These synchronous, presettable counters feature an internal carry look-ahead for application in high-speed counting designs. The LS161A and LS163A are 4-bit binary counters. The carry output is decoded by means of a NOR gate, thus preventing spikes during the normal counting mode of operation. Synchronous operation is provided by having all flip-flops clocked simultaneously so that the outputs change co- incident with each other when so instructed by the count- enable inputs and internal gating. This mode of operation eliminates the output counting spikes which are normally associated with asynchronous (ripple clock) counters. A buffered clock input triggers the four flip-flops on the rising (positive-going) edge of the clock input waveform.
These counters are fully programmable; that is, the outputs may be preset to either level. As presetting is synchronous, setting up a low level at the load input disables the counter and causes the outputs to agree with the setup data after the next clock pulse, regardless of the levels of the enable input. The clear function for the LS161A is asynchronous; and a low level at the clear input sets all four of the flip-flop outputs low, regardless of the levels of clock, load, or enable inputs. The clear function for the LS163A is synchronous; and a low level at the clear inputs sets all four of the flip-flop outputs low after the next clock pulse, regardless of the levels of the enable inputs. This synchronous clear allows the count length to be modified easily, as decoding the maximum count desired can be accomplished with one external NAND gate. The gate output is connected to the clear input to synchronously clear the counter to all low outputs. The carry look-ahead circuitry provides for cascading counters for n-bit synchronous applications without additional gating. Instrumental in accomplishing this function are two count-enable inputs and a ripple carry output.

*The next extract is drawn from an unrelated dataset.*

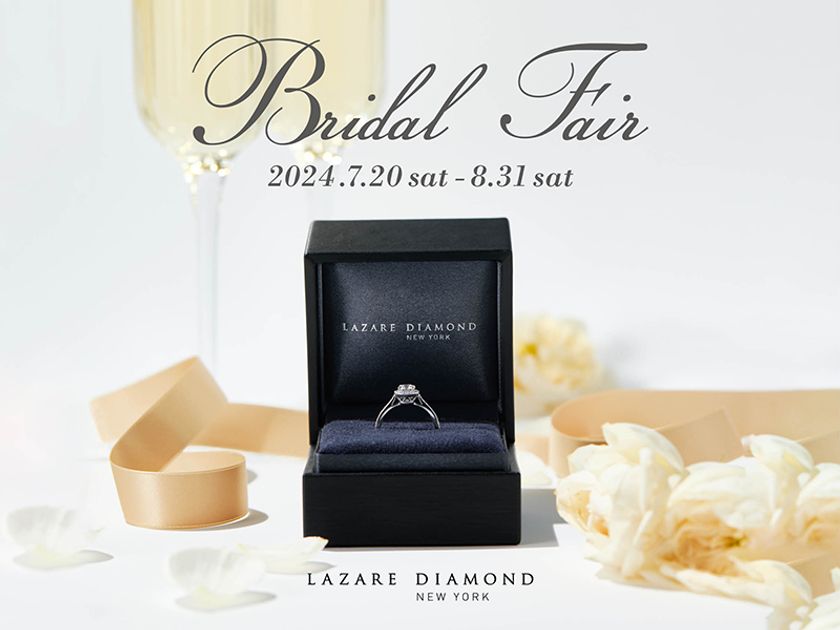 『Bridal Fair』開催
2024年7月20日(土)-8月31日(土)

Both count-enable inputs (P and T) must be high to count, and input T is fed forward to enable the ripple carry output. The ripple carry output thus enabled will produce a high-level output pulse with a duration approximately equal to the high-level portion of the QA output. This high-level overflow ripple carry pulse can be used to enable successive cascaded stages. High-to-low level transitions at the enable P or T inputs may occur, regardless of the logic level of the clock. These counters feature a fully independent clock circuit. Changes made to control inputs (enable P or T or load) that will modify the operating mode have no effect until clocking occurs. The function of the counter (whether enabled, disabled, loading, or counting) will be dictated solely by the conditions meeting the stable set-up and hold times.